One issue – and image – that became central to the script and the production was that of Alan Kurdi, the Syrian boy who died trying to get to Canada. The devastating image of his little body washed up on a beach became an iconic symbol of the crisis, one people could not turn away from.

In Being Here, the photo remains onscreen for so long that the viewer may become uncomfortable. Which is the point. Its presence also signals the importance of that image in Canada’s refugee action and policy.

“Time and time again, people said in the interviews … I acted because of that photo. I acted because I saw that. I acted because of Alan Kurdi,” says Bernbaum, from Saskatoon, where he lives.

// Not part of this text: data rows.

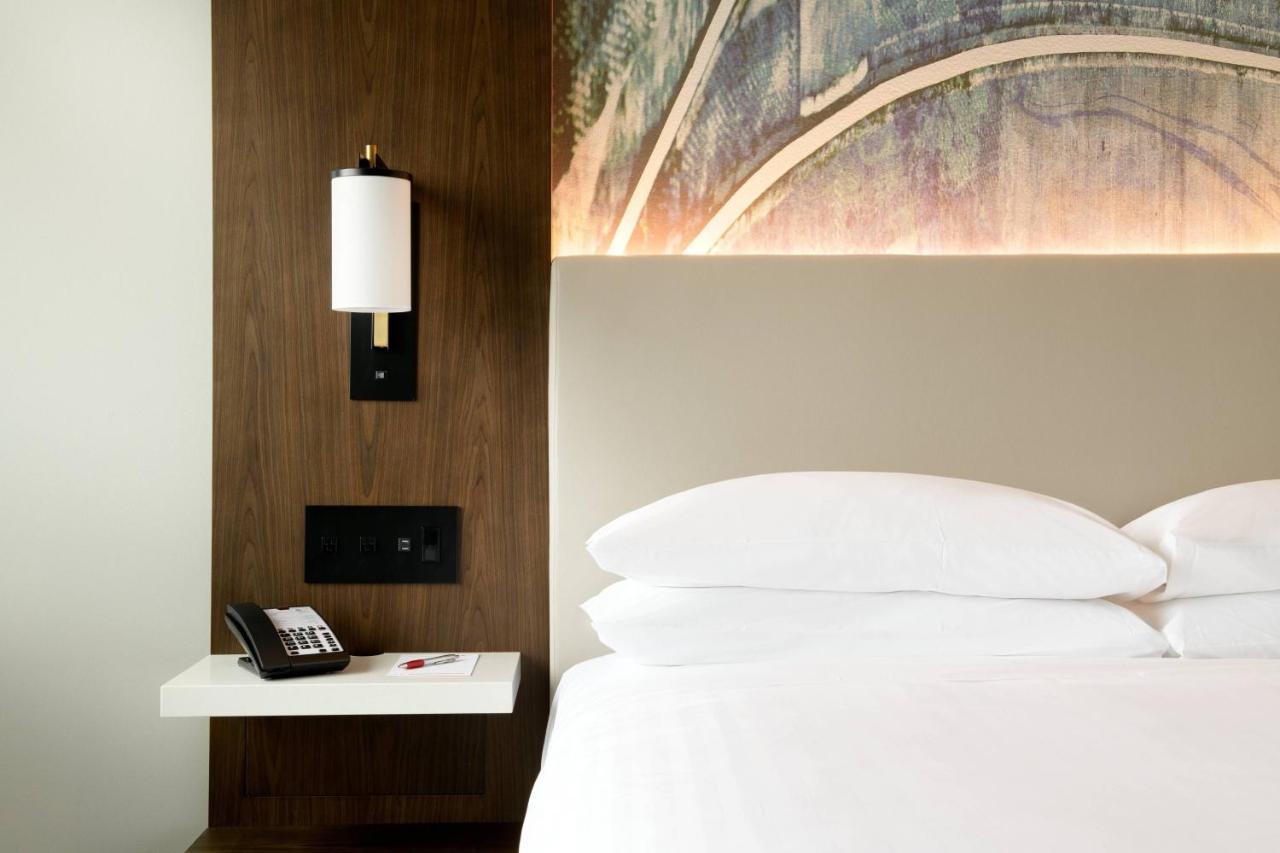 Guest room, 2 Queen at Marriott Tacoma Downtown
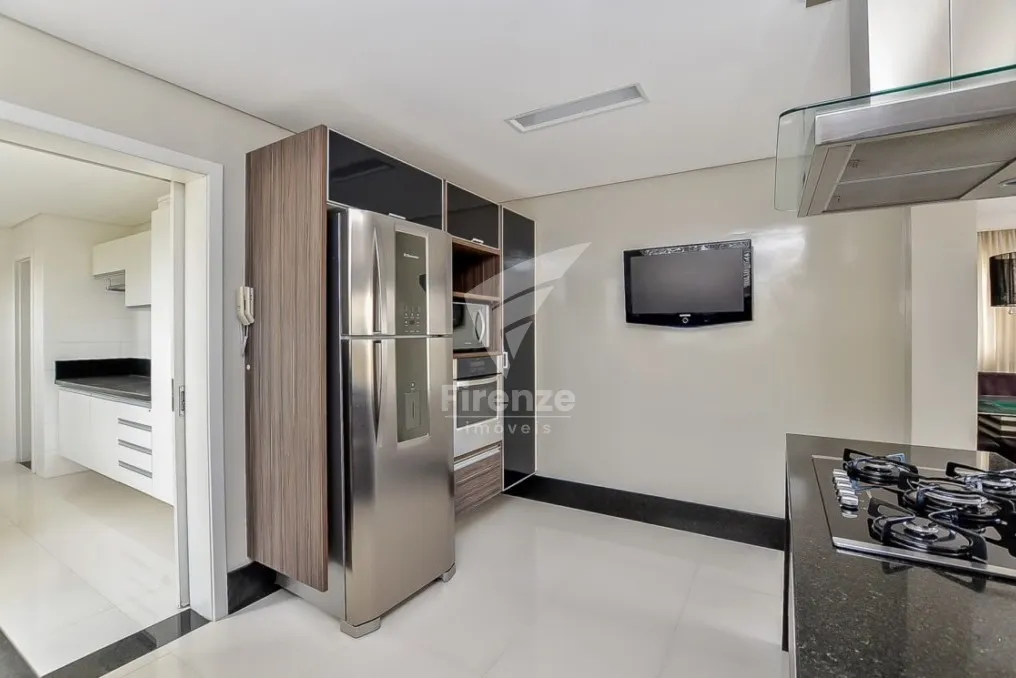 Furnished 352 m² apartment with 3 en-suite bedrooms — photo 31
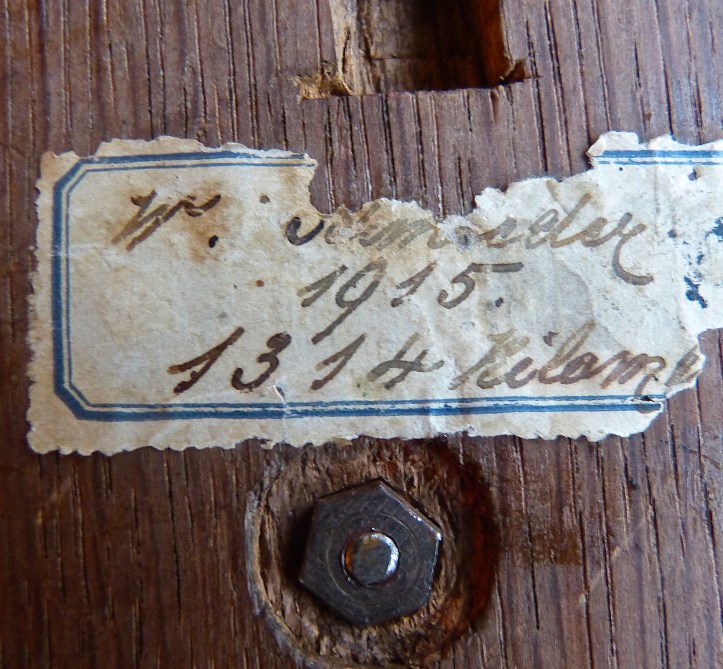 Remarkably, after 101 years the back of the Dresden plaque still has most of the paper label recording the winner’s name and the distance sculled – 1,314 kilometres (816 miles). Someone familiar with German surnames may be able to make out the name of the person who originally won it.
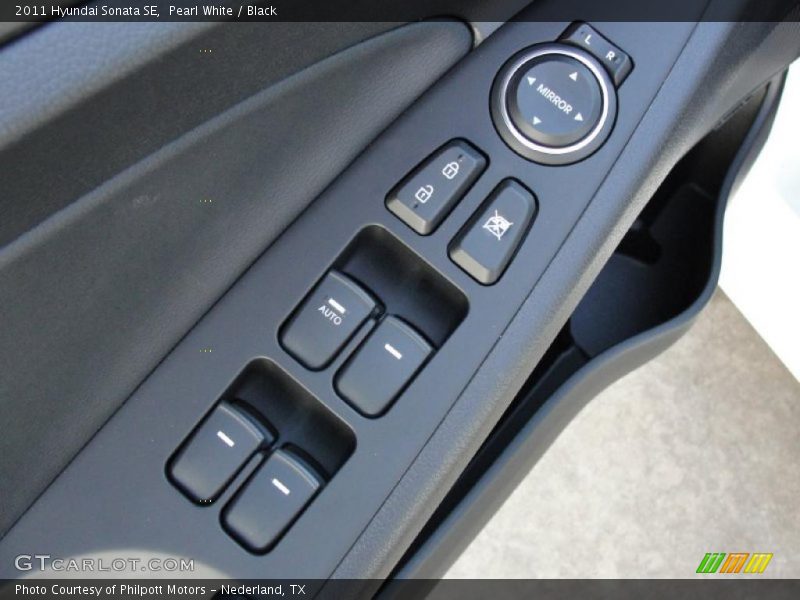 Pearl White / Black 2011 Hyundai Sonata SE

One woman he interviewed, who becomes the character Ann in the play, wanted to sponsor a family from Africa – a family that had been languishing in a refugee camp for 13 years – but others in her group said they wanted to sponsor a family of Syrians because of that photo. “It’s fascinating to me, both as an artist and as a human being, what moves the heart,” Bernbaum says.

“Why do we care only when we see certain things?”

When the play could not be performed to a live audience this year because of the pandemic, director Michael Shamata turned it into a filmed production. Bernbaum cut down the script to one act and rehearsals were conducted online.

Bernbaum hopes the play will eventually be produced for live audiences. But he also says the time is right for a play about the plight of refugees – which he fears has become somewhat lost during the pandemic.

“I hope that the play is about making the country that we want. And there’s so much talk about building back better and the pandemic being a great reset, but what does that talk really mean? And how is the talk going to translate into action?” says Bernbaum, who last year was awarded a Pierre Elliott Trudeau Foundation doctoral scholarship. “A hope of mine and a dream of mine is that the play in some small way will catalyze some sort of awareness or action that brings the issue back into the light.”

Being Here: The Refugee Project is streaming from the Belfry Theatre until March 21.